Comment se porte l’opéra canadien en 2023? Et quel futur voyez-vous pour l’opéra dans notre pays?
L’opéra prend une direction très intéressante au Canada.
Bon nombre de mes proches et collègues se sont tournés vers des emplois plus stables. La pandémie a vraiment porté un coup dur au secteur artistique, sans pour autant l’anéantir.
De nouveaux opéras ont vu le jour. Ils racontent de nouvelles histoires.
On continue de programmer les airs d’opéra populaires (Carmen, Tosca ou La Bohème) dans l’espoir d’attirer de nouveau le public dans les salles.
L’opéra est produit en dehors des théâtres traditionnels pour dynamiser notre façon de rejoindre nos auditoires.
De nombreuses personnes ont pris les choses en main. Les artistes font entendre leur voix; les compagnies d’opéra les écoutent et s’efforcent de les soutenir.
Je pense que d’importants changements pourraient survenir dans les dix à quinze prochaines années.
Comment faites-vous pour ouvrir l’opéra à de nouveaux publics? Serait-il possible de tisser des liens avec les autres formes d’art?
Selon moi, il faut aller chercher les nouveaux auditoires là où ils se trouvent.
Les gens ne demandent qu’à être ensemble et à nouer des liens. Pendant trois ans, nous nous sommes habitués à vivre à l’intérieur, sans voir nos proches, encore moins notre famille. Aller à l’opéra, c’est partager des expériences avec les autres. Si les gens se retrouvent au bar, alors faisons entrer les airs d’opéra dans les bars comme avec la série Opera Pub (en anglais seulement). Si les gens préfèrent des œuvres plus courtes, alors proposons-leur des opéras plus courts.
L’objectif n’est pas d’avoir une médaille attestant qu’on est bien resté jusqu’au bout… Il s’agit plutôt d’une forme d’art vivante qui nous parle tout autant qu’une émission sur Netflix, une courte vidéo sur YouTube, un concert symphonique ou une pièce de théâtre.
Il nous faut aussi nous tourner vers d’autres formes d’art. Pendant la pandémie, nous avons mis en ligne des opéras filmés, des films de danse, et j’en passe! Nous devons continuer à expérimenter et à collaborer entre les disciplines. Danse et opéra, cinéma et écriture, arts visuels et musique, etc. Nous avons soif de nouvelles expériences. C’est le moment de nous lancer.
Y a-t-il des musiques ou des films qui vous inspirent?
J’observe mes enfants. Je vois ce qui leur plait et ce qui les ennuie. J’essaye de me tenir à jour des nouvelles tendances « populaires » et de comprendre pourquoi elles ont autant de succès. Pourquoi les gens se ruent-ils aux concerts de Beyoncé? Pourquoi les courses de F1 sont-elles de plus en plus populaires?

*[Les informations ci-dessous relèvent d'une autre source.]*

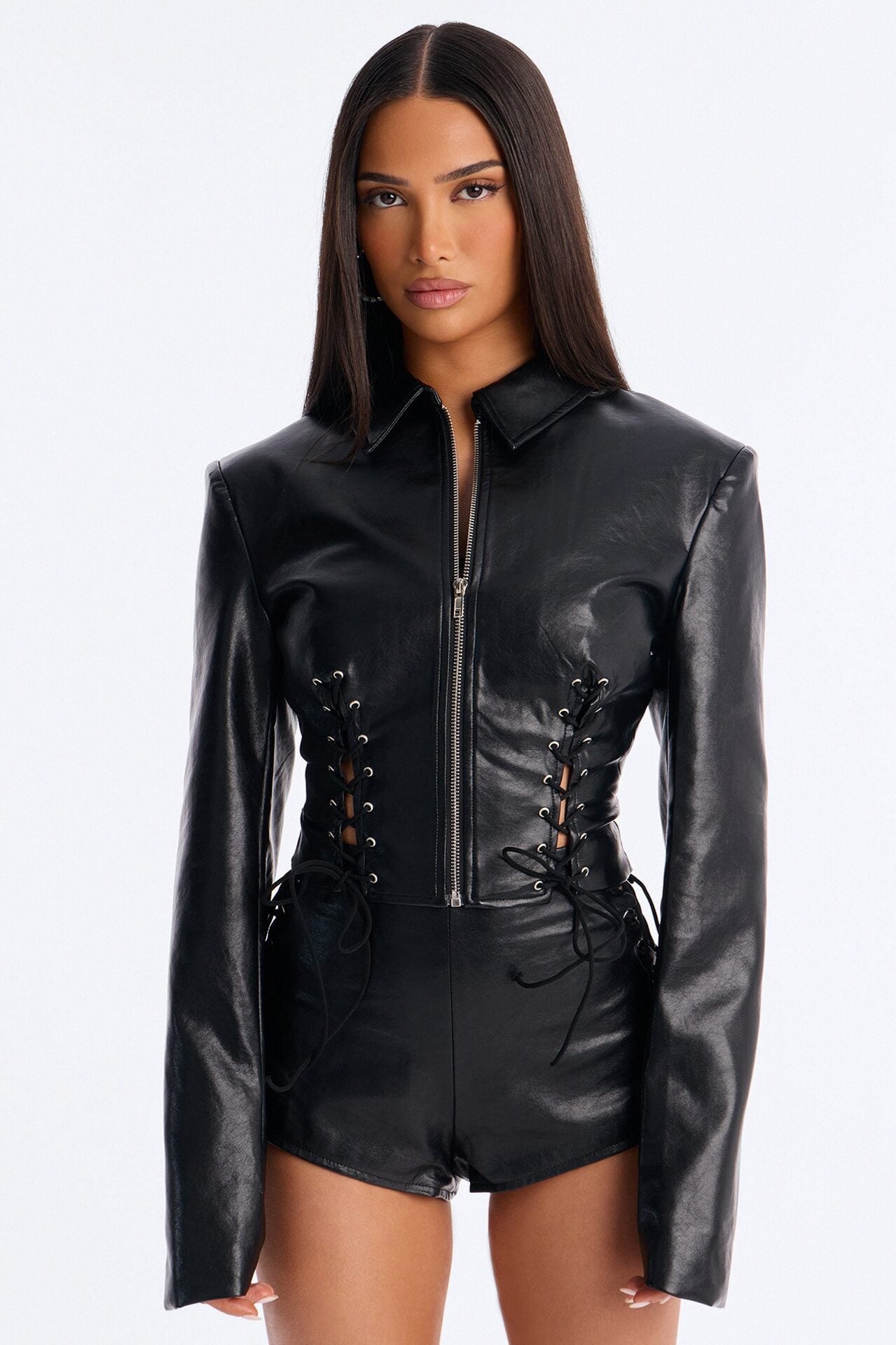 Electric Faux Leather Jacket - Black image 1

La vie me pousse à continuer à apprendre, à m’adapter et à grandir. Les œuvres du passé, nous savons comment les reproduire. En revanche, il nous reste à découvrir de quoi le futur sera fait.
Qu’auriez-vous aimé savoir sur le monde de l’opéra avant de vous lancer dans l’aventure?
Il n’y a pas grand-chose que j’aurais fait différemment. Je suis fier de la vie que je mène aujourd’hui et de tout le chemin parcouru pour arriver jusqu’ici.
J’aurais aimé faire preuve d’une plus grande empathie. J’aurais aimé m’intéresser plus tôt aux enjeux autochtones du Canada. J’aurais aimé être plus sûr de moi et ne pas essayer de me renier pour me faire accepter par le milieu et entrer dans le moule comme tout le monde.
J’aime ce monde farfelu qu’est l’opéra et je suis impatient de voir comment évoluent les choses.
Joel Ivany est le directeur de Don Giovanni, le célèbre opéra de Mozart en version concert à la Salle Southam les 15 et 17 juin avec l’Orchestre du CNA sous la baguette d’Alexander Shelley.